🤖 AI Summary
This work addresses physical implausibility, inter-object penetration, and semantic misalignment in text-to-3D scene generation. We propose the first end-to-end framework integrating vision-language models (VLMs) with differentiable rigid-body simulation. Methodologically: (1) a VLM parses input text to construct a hierarchical semantic scene graph; (2) differentiable rigid-body dynamics simulate physical interactions, enabling joint optimization of object poses and support relationships; (3) static equilibrium and non-penetration constraints jointly optimize geometric layout and physical state. Our key contribution is the first physically plausible, simulation-ready text-driven 3D scene generation method—requiring no post-processing for downstream robotic manipulation or scene editing. Experiments demonstrate significant improvements over prior art in physical plausibility, semantic consistency, and visual fidelity.
📝 Abstract
We introduce PAT3D, the first physics-augmented text-to-3D scene generation framework that integrates vision-language models with physics-based simulation to produce physically plausible, simulation-ready, and intersection-free 3D scenes.

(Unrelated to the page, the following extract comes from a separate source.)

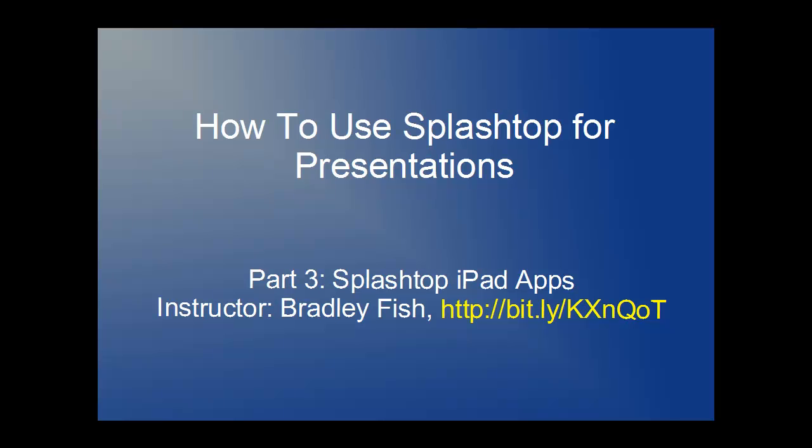Welcome to part 3 of this video series, How to Use Splashtop to Enhance Your Presentations. This is part 3, which will deal with which Splashtop iPad apps you need to download and how to correctly sync them with your desktop computer.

Given a text prompt, PAT3D generates 3D objects, infers their spatial relations, and organizes them into a hierarchical scene tree, which is then converted into initial conditions for simulation. A differentiable rigid-body simulator ensures realistic object interactions under gravity, driving the scene toward static equilibrium without interpenetrations. To further enhance scene quality, we introduce a simulation-in-the-loop optimization procedure that guarantees physical stability and non-intersection, while improving semantic consistency with the input prompt. Experiments demonstrate that PAT3D substantially outperforms prior approaches in physical plausibility, semantic consistency, and visual quality. Beyond high-quality generation, PAT3D uniquely enables simulation-ready 3D scenes for downstream tasks such as scene editing and robotic manipulation. Code and data will be released upon acceptance.